▶ YOUR ASSIGNMENT
Write the listing out again word for word, skipping each picture.

▶ STORED DATA

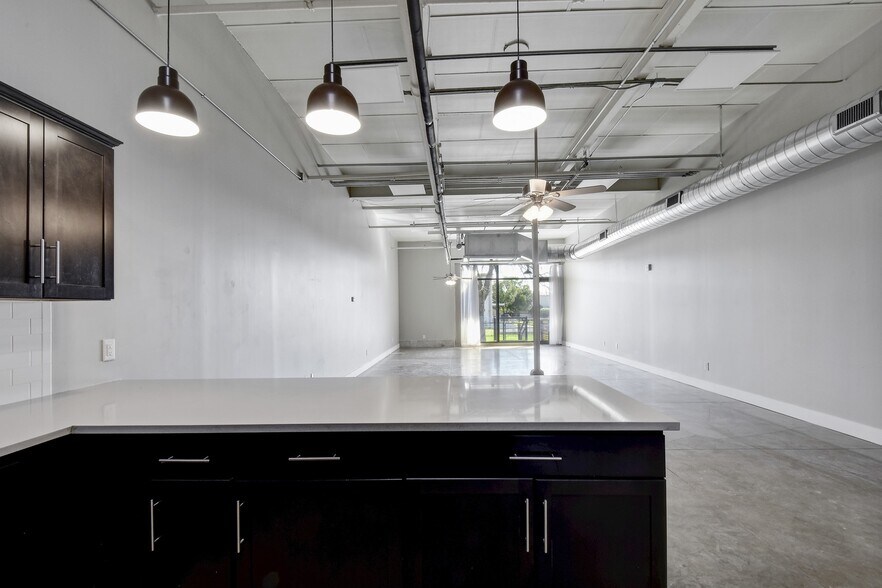 More Photos Of 3363 E Commerce St, San Antonio Warehouse For Sale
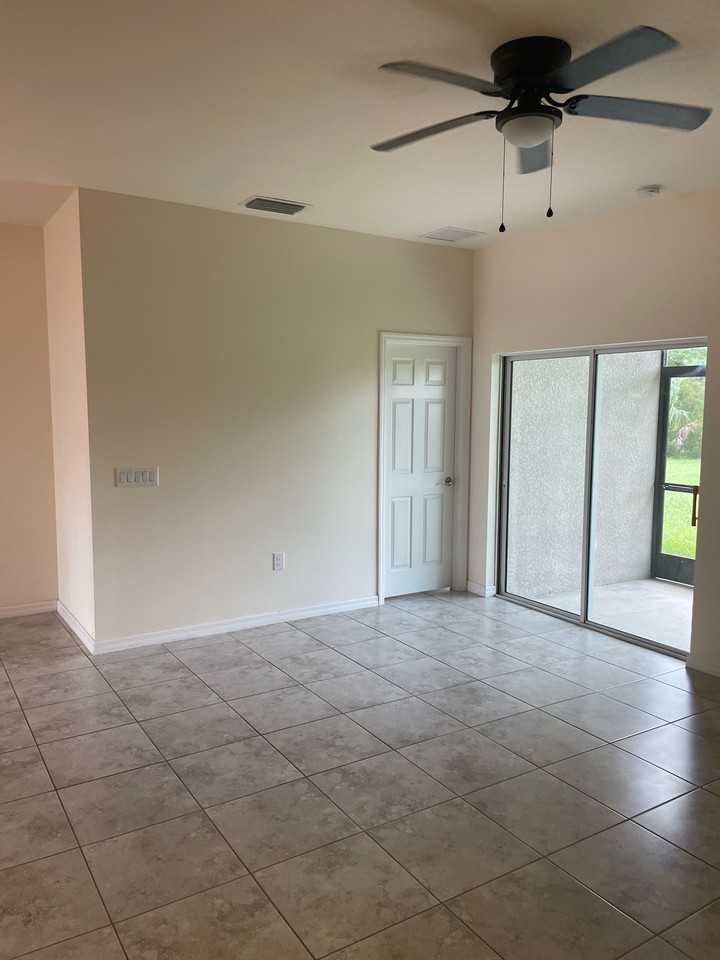 24484 Zephyr Ct #24484 - Photo 6 of 27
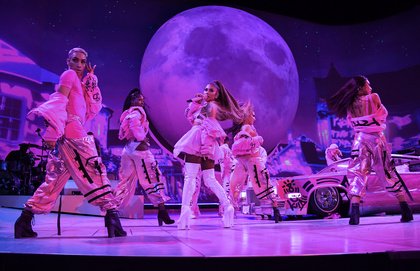 Bunte Dance-Party - Ariana Grande liefert in der Kölner Lanxess Arena eine perfekt inszenierte Show ab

▶ RESPONSE TO THIS TASK
 More Photos Of 3363 E Commerce St, San Antonio Warehouse For Sale
 24484 Zephyr Ct #24484 - Photo 6 of 27
 Bunte Dance-Party - Ariana Grande liefert in der Kölner Lanxess Arena eine perfekt inszenierte Show ab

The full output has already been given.